Photo by Andy Scheffler.
Male can be heard singing starting in September in their feeding grounds here in British Columbia, often at night, as they start practicing their song for the upcoming reproductive season. Then around November, they will begin their migration south to breeding grounds near the equator, arriving back in the spring. Only a few remain in this area during the winter, and the reason is unclear to researchers.
So, imagine our confusion and excitement when we heard a humpback singing underwater in January 2023.
DIVING IN DISCOVERY PASSAGE
We had a group of divers from the mainland of British Columbia visiting for a Campbell River diving charter. Over a weekend, we dove sites around Discovery Passage, which is known for its high current flow, abundant marine life, and exciting wildlife encounters. Little did we know… we were in for an especially exciting encounter on the last dive of the weekend!

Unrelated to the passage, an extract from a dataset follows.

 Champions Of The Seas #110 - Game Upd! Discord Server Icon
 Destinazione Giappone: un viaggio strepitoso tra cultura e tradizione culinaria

Following a dive on the HMCS Columbia wreck, we took a surface interval doing some sightseeing and looking for wildlife. We found two humpback whales, which in itself was very exciting, considering most humpbacks had already left for their summer breeding grounds. This was in early January, remember.
We were approaching slack tide, so we headed to Steep Island for the last dive of the weekend. We dropped the divers in the water and watched their bubbles slowly drifting down the wall of the narrow island.

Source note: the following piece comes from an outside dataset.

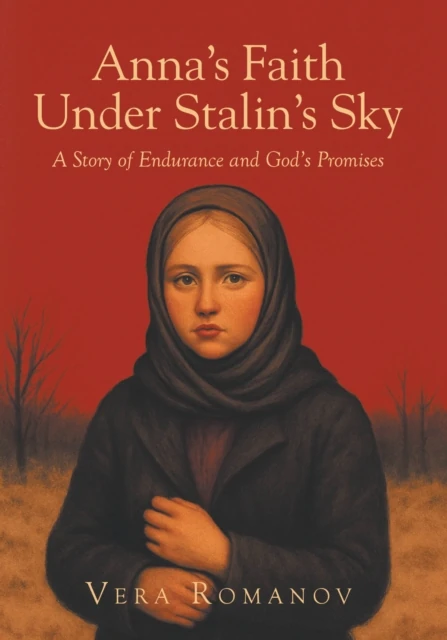 Anna's Faith Under Stalin's Sky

Steep Island boasts an impressive wall of northern feather duster tubeworms. Photo by Seaproof.tv.
HEARING THE WHALES
After around 20 minutes, I looked at Jason and said, “I wonder where those humpbacks went”. Not 10 seconds later, we saw a blow further down Steep Island, about 200m from the divers’ bubbles.
Over a few minutes, the humpbacks slowly moved off the island and behind the boat as we remained near the bubbles. After some time, the first diver surfaced, and asked “where are the whales?”.
As the rest of the divers surfaced, we were shocked to hear that for most of the dive, the divers could hear the loud calls of the humpbacks. The grunts, shrieks, and thwops were so loud they could feel the vibrations. For most of the dive, they slowly drifted down the wall facing outwards, listening to the calls.
DROPPING THE HYDROPHONE
Luckily, we still had a hydrophone onboard from our whale watching tours in the summer. We dropped the hydrophone in the water, and began listening to the calls of the humpbacks.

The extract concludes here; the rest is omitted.